Moral da história: leite de goy não presta
Cena dois: um amigo meu, cristão, que trabalhava voluntariamente com
atendimento terapêutico a pessoas com problemas psicológicos foi buscar
um paciente. Era um rapaz muito religioso. Meu amigo entrou na sinagoga
para buscar o rapaz e logo vieram dois rabinos ortodoxos reclamar da
presença de um não-judeu por lá. Como não entende Iídiche, meu amigo
ouviu algo como “rkrkrkrkr GOY rkrkrkrkrkr GOY rkrkr GOYGOY”. Em
seguida, o rapaz, que aparentemente não era tão louco assim, gritou com
os mais velhos “Expulsem vocês! Querem expulsar? Expulsem vocês! Vocês
não dizem que isso aqui é a casa de Deus?? Que todos são bem vindos? Que
todos são iguais? Porque ele não pode ficar aqui?”
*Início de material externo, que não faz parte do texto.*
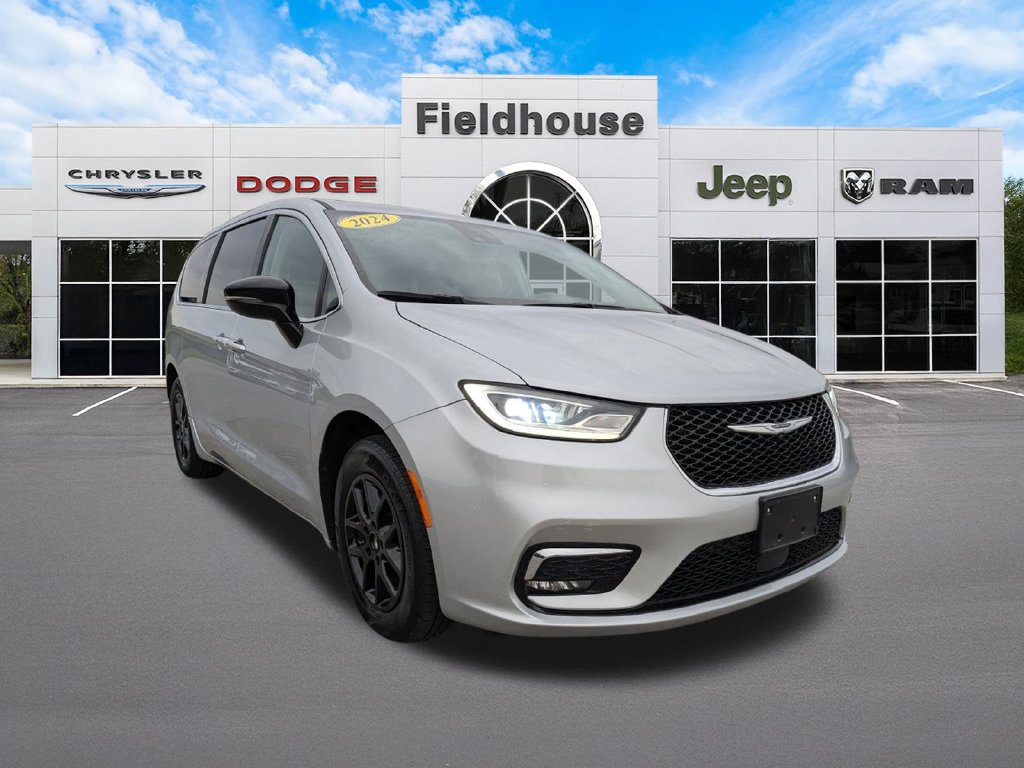 Used 2024 Chrysler Pacifica Touring-L FWD image 3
Moral da história: presença de goy em sinagoga não serve
Cena três: outro serviço religioso de luto, outro rabino ortodoxo
contando. Outra história, só que agora uma variação do tema anterior. O
mesmo bebê, também vive dois anos. Também morre inexplicavelmente.
Segundo o rabino, trata-se de uma alma que viveu há muitos anos, nasceu
na família do rei do País e foi educado por um padre muito sábio e muito
inteligente. O padre era incrivelmente sábio e respeitado, mas ele
tinha uma particularidade. Ele se afastava de todos e ficava recluso
duas horas por dia dentro de um quartinho sem ninguém poder vê-lo. Um
dia, o garoto se escondeu no quarto do padre e ficou observando. O padre
tirou talit, tefilin e começou a rezar em hebraico. Surpresa! O padre
era judeu. O garoto estudou judaísmo (era uma alma judaica perdida,
afinal), abandonou o reino, se tornou sábio, mas deixou aquela
imperfeição que foram os dois anos na casa do rei não-judeu. Novamente,
contou-se que os dois anos de vida daquele bebê que tinha falecido
serviu para consertar aquela alma e torná-la realmente pura o suficiente
para o paraíso.
Moral da história: todos os padres são burros, exceto os que forem judeus
As três histórias relatadas aqui, duas delas presenciadas por esse
autor e a terceira escutada de fonte confiável, têm em comum o profundo
preconceito na forma como parte da comunidade vê a sociedade que está lá
fora. Para alguém que tem trabalhado há mais de dez anos para melhorar a
imagem do judaísmo, não posso nem começar a descrever o estrago que
tais manifestações causam na mente de quem escuta essas coisas. Os
inimigos estão aí fora bastante atentos a todo tipo de preconceito vindo
da comunidade e usando isso diligentemente. Um exemplo disso foi
durante um debate recente na Rede Record. Eu estava representando o lado
de Israel e uma senhora árabe representava o lado palestino no conflito
árabe-israelense. Durante o debate, ela tirou um folheto de uma
sinagoga ortodoxa de São Paulo falando barbaridades racistas. Estrago
irreparável.
Tenho plena consciência de que existem duas correntes distintas em
relação ao judaísmo e que é preciso respeitar as diferenças entre elas
para termos uma convivência harmônica e adequada à unidade do povo
judeu. O bloco liberal tem como linha mestra adaptar a lei judaica à
vida moderna, reinterpretando e concentrando a atenção sobre o espírito
da lei ao invés da letra da lei. A linha ortodoxa prefere uma abordagem
mais tradicional e literalista em relação aos textos judaicos,
especialmente os escritos após a idade média, como o Shulchan Aruch. Se
uma parte da comunidade prefere optar por trajes tradicionais pretos,
observar os detalhes das regras de shabat, festas e kashrut, só me resta
aplaudir essa manifestação de vigor judaico e diversidade. No entanto,
quando isso envolve ofender sistematicamente (apesar de
inconscientemente) os não-judeus, não podemos aceitar, pois é errado e
contraproducente.
É verdade que todas as sociedades antigas tinham um forte elemento
particularista. Em praticamente todas as cidades gregas, os estrangeiros
(não-gregos) eram tratados como sub-humanos. O nome Xenos (estrangeiro)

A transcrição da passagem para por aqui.